→ **Dataset extract**
-=-=-

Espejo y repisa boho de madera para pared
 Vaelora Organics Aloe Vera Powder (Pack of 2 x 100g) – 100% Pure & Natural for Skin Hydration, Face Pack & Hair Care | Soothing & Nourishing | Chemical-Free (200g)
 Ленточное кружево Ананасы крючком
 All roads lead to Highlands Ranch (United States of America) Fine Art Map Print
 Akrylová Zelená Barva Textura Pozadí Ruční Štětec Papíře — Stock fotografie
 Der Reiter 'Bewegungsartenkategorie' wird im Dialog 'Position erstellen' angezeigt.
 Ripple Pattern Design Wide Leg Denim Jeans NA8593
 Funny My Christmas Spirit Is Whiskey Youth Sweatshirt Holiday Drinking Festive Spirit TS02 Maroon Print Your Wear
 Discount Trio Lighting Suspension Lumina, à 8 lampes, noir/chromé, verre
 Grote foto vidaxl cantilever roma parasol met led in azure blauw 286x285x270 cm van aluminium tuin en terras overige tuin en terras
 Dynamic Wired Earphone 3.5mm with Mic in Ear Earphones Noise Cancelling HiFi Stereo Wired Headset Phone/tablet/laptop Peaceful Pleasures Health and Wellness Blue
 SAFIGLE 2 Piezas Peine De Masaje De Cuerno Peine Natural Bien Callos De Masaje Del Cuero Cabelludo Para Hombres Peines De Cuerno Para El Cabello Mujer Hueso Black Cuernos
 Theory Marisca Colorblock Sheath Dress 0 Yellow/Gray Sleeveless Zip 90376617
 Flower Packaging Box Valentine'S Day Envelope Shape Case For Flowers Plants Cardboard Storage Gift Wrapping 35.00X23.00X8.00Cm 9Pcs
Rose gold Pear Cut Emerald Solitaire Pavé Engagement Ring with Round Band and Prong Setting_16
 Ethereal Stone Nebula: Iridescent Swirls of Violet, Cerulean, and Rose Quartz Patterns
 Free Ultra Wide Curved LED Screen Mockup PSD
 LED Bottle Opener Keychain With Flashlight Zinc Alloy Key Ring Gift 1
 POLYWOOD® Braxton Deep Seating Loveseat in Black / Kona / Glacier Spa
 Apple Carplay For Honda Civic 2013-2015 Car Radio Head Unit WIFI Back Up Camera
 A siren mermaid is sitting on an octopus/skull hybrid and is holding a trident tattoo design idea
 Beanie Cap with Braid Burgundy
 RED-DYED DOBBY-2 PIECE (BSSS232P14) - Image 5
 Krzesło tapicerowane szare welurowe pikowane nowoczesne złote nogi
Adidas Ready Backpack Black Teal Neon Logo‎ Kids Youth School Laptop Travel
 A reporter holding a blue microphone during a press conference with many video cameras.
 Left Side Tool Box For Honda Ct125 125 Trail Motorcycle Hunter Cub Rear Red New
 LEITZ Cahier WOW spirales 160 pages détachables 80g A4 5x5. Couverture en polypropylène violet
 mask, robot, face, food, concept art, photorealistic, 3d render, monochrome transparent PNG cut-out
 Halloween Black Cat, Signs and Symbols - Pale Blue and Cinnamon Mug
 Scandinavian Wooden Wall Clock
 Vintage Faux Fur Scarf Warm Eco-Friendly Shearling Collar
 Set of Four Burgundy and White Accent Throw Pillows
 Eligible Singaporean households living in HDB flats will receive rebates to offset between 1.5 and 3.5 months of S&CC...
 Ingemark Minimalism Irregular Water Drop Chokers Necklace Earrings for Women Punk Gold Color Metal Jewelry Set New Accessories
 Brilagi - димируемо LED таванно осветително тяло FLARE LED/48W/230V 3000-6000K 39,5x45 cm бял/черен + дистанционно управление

-=-=-

→ **What you need to do**
Go back to the listing above. Copy word for word the lines from the one with "Ленточное кружево Ананасы крючком" through the one with "Dynamic Wired Earphone", and nothing more.

→ **Solution**
 Ленточное кружево Ананасы крючком
 All roads lead to Highlands Ranch (United States of America) Fine Art Map Print
 Akrylová Zelená Barva Textura Pozadí Ruční Štětec Papíře — Stock fotografie
 Der Reiter 'Bewegungsartenkategorie' wird im Dialog 'Position erstellen' angezeigt.
 Ripple Pattern Design Wide Leg Denim Jeans NA8593
 Funny My Christmas Spirit Is Whiskey Youth Sweatshirt Holiday Drinking Festive Spirit TS02 Maroon Print Your Wear
 Discount Trio Lighting Suspension Lumina, à 8 lampes, noir/chromé, verre
 Grote foto vidaxl cantilever roma parasol met led in azure blauw 286x285x270 cm van aluminium tuin en terras overige tuin en terras
 Dynamic Wired Earphone 3.5mm with Mic in Ear Earphones Noise Cancelling HiFi Stereo Wired Headset Phone/tablet/laptop Peaceful Pleasures Health and Wellness Blue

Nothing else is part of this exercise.